Clayborne Carson, In Struggle: SNCC and the Black Awakening of the 1960’s Cambridge: Harvard University Press 2000
Book Review by Tom White
Clayborne Carson’s In Struggle: SNCC and the Black Awakening of the 1960’s is an investigative and chronological account of the Student Nonviolent Coordinating Committee (SNCC), one of the most effective and influential civil rights organizations of the 1960’s. In Struggle traces the evolution of the SNCC from its humble beginnings in February 1960, starting in Greensboro, North Carolina” when four black college students planned to protest segregation by a “sit-in” at Woolworth lunch counter, to its demise in 1970. Carson’s In Struggle examines how the SNCC was able to awaken black America by bringing to the surface long suppressed racial tensions. As a result of this awakening the SNCC “stimulated a self-realization among blacks that would continue through the decade” and the methodology used by SNCC as part of that process would serve as a model for future generations of activists. Carson’s In Struggle traces the SNCC’s evolution which went through three distinctive developmental stages, and explains how each stage impacted the vital role that the SNCC played in the civil rights movement.
In the SNCC’s first developmental stage, Carson argues that “young civil rights activists came together in SNCC to form a community within a social struggle. SNCC workers sought to create a rationale for activism by eclectically adopting ideas from the Gandhian independence movement and from the American traditions of pacifism and Christian idealism…” This first stage which began in 1960 and lasted until 1964 was instrumental to the civil rights movement in several key ways. One of these ways was in organization. The SNCC was careful during its inception to remain a group centered organization, one which would remain independent avoiding “efforts to subvert their autonomy” and one which would not be tethered to a single leader. The SNCC’s early example of a group centered organization proved to be an invaluable lesson for future civil rights efforts, and it was an idea the SNCC put into practice as part of their organizing efforts throughout the South. As part of any organizational efforts for a new program, the SNCC followed a basic premise, which was “that its own workers ‘cannot and should not do the work themselves, it is advisable to involve local citizens and groups as much as possible.’” The SNCC believed that by nurturing grass-roots organizations and leaders and having local citizenry involved, it had an empowering effect on the black community. SNCC organizers encouraged local black leaders to take charge of projects within their own communities, so that when the SNCC left an area as Julian Bond pointed out, “it left behind an ‘a community movement with local leadership, not a branch of the SNCC’” and this organizing philosophy became an integral part of the civil rights movement.

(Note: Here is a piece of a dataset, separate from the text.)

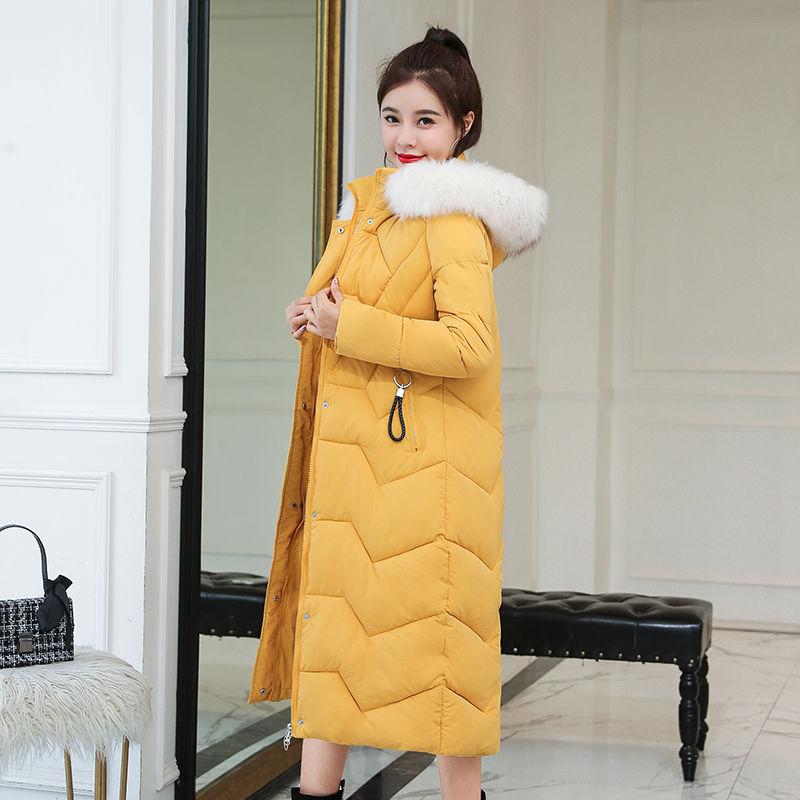 New Fashion Autumn Cotton-padded Jacket Women's Winter Warm  Jacket Women's Hooded Fluffy Fur Collar Mid-length Slim-fitting Cotton-padded Acket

Another aspect of SNCC’s first developmental stage which impacted the civil rights movement was spurred by the success of the non-violent lunch counter protests at de-segregation. The success of the lunch counter protests had the effect of bringing “to the surface interracial tensions that had long been suppressed”, and provided an impetus for expanding protest and civil disobedience of unjust laws beyond that of lunch counter de-segregation. Other young people suddenly began to view SNCC workers and the organization as a very courageous and dedicated group within the civil rights movement “who were uniformly willing ‘to put their bodies on the line.”, resulting in other student protesters wanting to join their ranks. During the first developmental stage in the early 1960’s, the SNCC had moved beyond the lunch counter protests and had become a force behind the ‘freedom rides’ and voter registration in the South. The SNCC though not directly responsible for the freedom ride campaign, they did however display a courage and dedication in the face of white southern hostility which not only led to de-segregation of transportation facilities throughout the South, but was instrumental “to the development of a self-consciously radical southern student movement prepared to direct its militancy toward other concerns.”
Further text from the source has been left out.